When natural hazards occur in populated places that are vulnerable to natural hazards they can result in a disaster. An earthquake occurring in an unpopulated area is not considered to be a disaster, whereas when a hazard meets vulnerability, such as the 2011 New Zealand earthquake occurring in the heavily built-up and populated Christchurch area, it is considered to be a disaster.
Disasters can result in all or some of, (i) injury and loss of life; (ii) damage to buildings and structures; (iii) loss of crops, food and drinking water supplies; and (iv) loss of livelihoods. Often the initial hazard triggers or raises the probability (through increasing vulnerability) of other hazards, which will cause further damage and loss. An example of this can be seen by studying the Haiti earthquake, where damage not only occurred from the earthquake but also later cholera outbreaks due to poor water and sanitation conditions. In New Zealand some of the damage and fatalities were a result of seismically induced landslides.

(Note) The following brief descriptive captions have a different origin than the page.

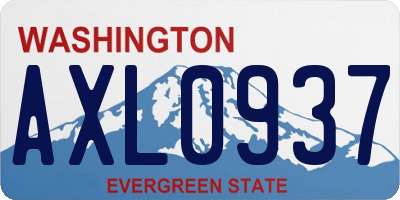 WA license plate AXL0937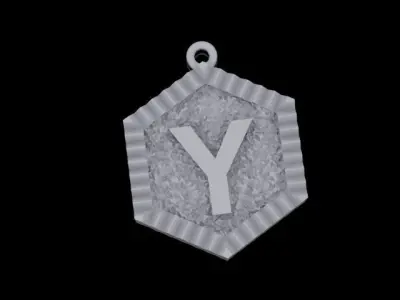 Personalized letter pendant 3D print model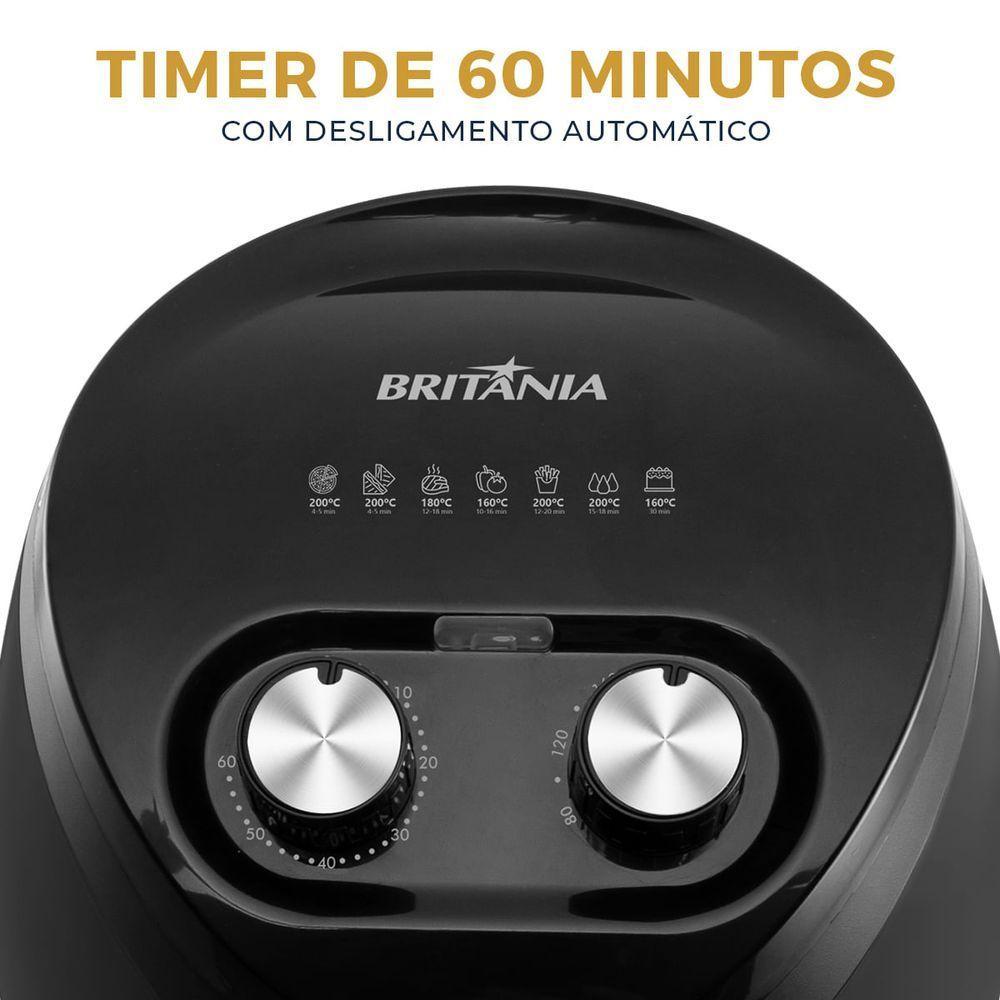 Air Fryer Britânia 3,5L Revestimento Antiaderente 1500W BFR25P 110V - 7
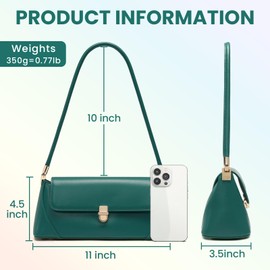 Keyli Shoulder Bag for Women Trendy Small Purses Green Vintage Handbags Waterproof Leather jacquemus bag Luxury Going Out Tote Purse Clutch Top Handle Bags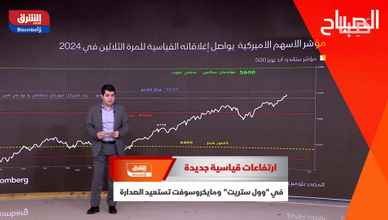 ارتفاعات قياسية جديدة في "وول ستريت".. ومايكروسوفت تستعيد صدارة الشركات الكبرى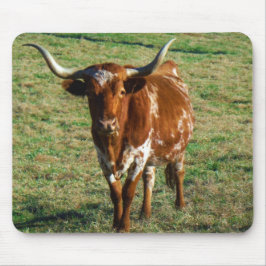 Mousepad Texas Longhorn Cattle Cattle Photo Rustic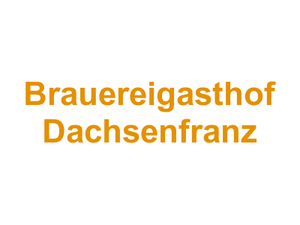Brauereigasthof Dachsenfranz Logo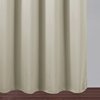 LEMOMO Light Beige Thermal Blackout Curtains/38 x 54 Inch/Set of 2 Panels Room Darkening Curtains for Bedroom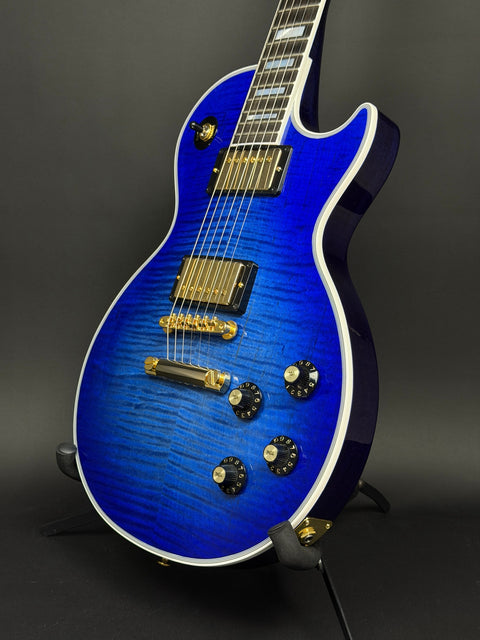 2025 Gibson Custom M2M Les Paul Axcess Custom Figured - Cobalt Burst w/ Gold Hardware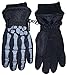N'Ice Caps Boys Skeleton Print Waterproof Thinsulate Winter Snow Glove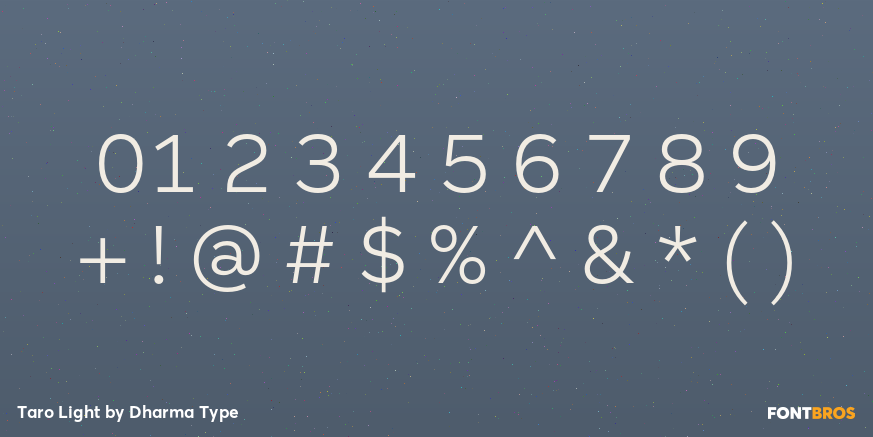 Taro Light Font Poster #4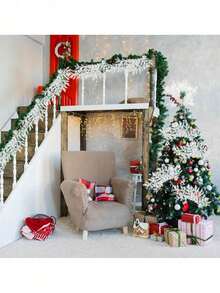 5/10pcs Sparkling Fir Decor, Christmas Desktop Ornaments, Glitter Christmas Tree Hanging Decorations, Artificial Pine Needle Decor, Vase Filler, Holiday Party Supplies, Home Decor, Christmas Decoration Fake Plant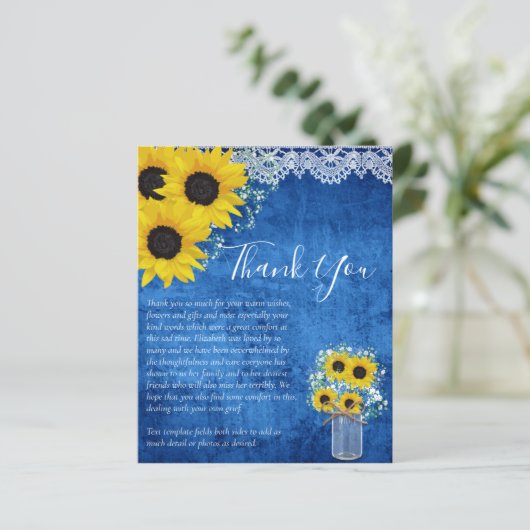 HAUSHALT Vielen Dank für die Vorlagen der Beerdigu (Stehend Vorderseite)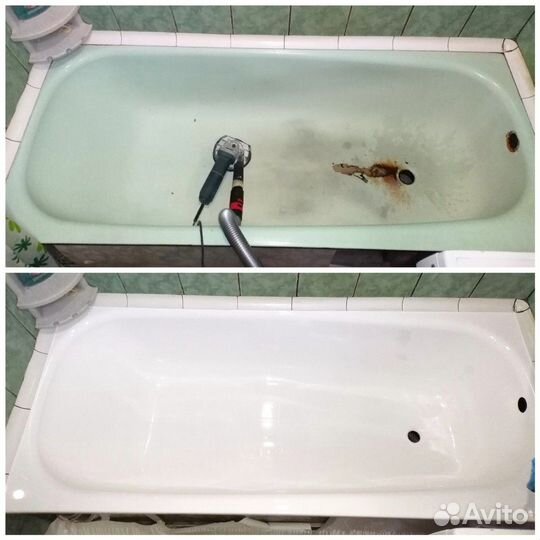 Реставрация ванн, обновление эмали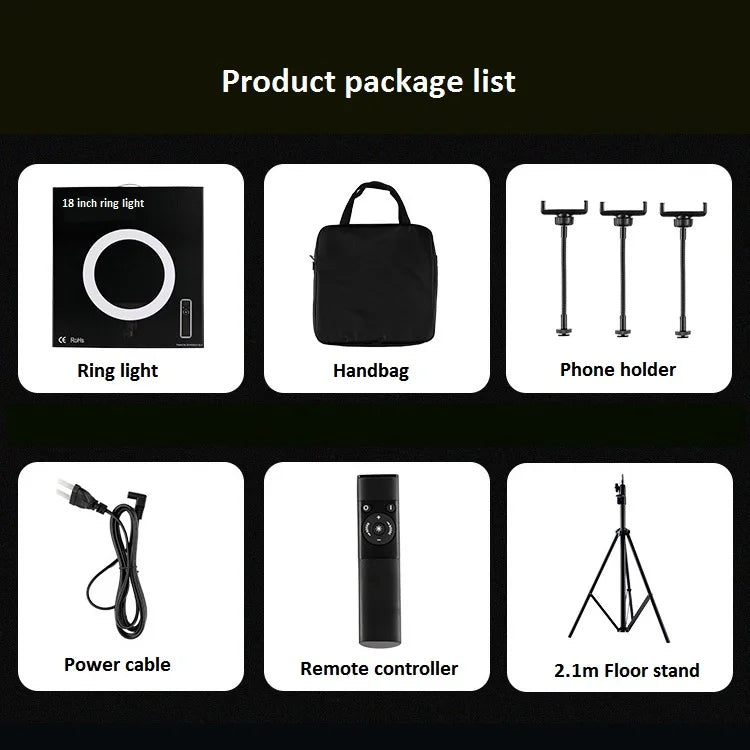 Super Brightness 21 22 Inch Dimmable Makeup Fill Lamp Live Stream Selfie Led Ring Light for Phone Youtube TikTok Video Tidesmit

Disasters are in the news on a regular basis. The recent earthquake in New Zealand caused severe damage to the city of Christchurch, as well as loss of life. In recent years there have been landslides and floods in Brazil and Bolivia, severe flooding in Pakistan and Australia, and volcanic eruptions in the Philippines. Not to mention large earthquakes in Chile and Haiti. This is a small selection taken from many possible examples.
Geohazards are a fundamental part of our world, and billions across the world are forced to live and work alongside them. Many organisations are working to better understand these hazards and reduce the vulnerability to them, in doing so reducing the level of disaster.
What role do geologists have to play in this sector?
Geologists have a crucial role in studying and analysing the causes, mechanisms and impacts of geohazards. Geologists use their field skills to examine areas, which are prone to, for example, earthquakes. Their fieldwork can be used to help determine the mechanism by which they occur, the frequency they occur and areas of ground that will be affected to a greater or lesser extent by an earthquake. In a similar way, geologists can also use their field skills to monitor and study volcanoes and landslide prone areas.
Geologists can also use their analytical skills, often combined with information from the field, to determine the probability of specific sized events occurring, within a given area – such as the probability of a Magnitude 8 or greater earthquake in an area. This information can be used to generate hazard maps, inform the insurance industry, and help communities adapt to reduce the impact of the hazard.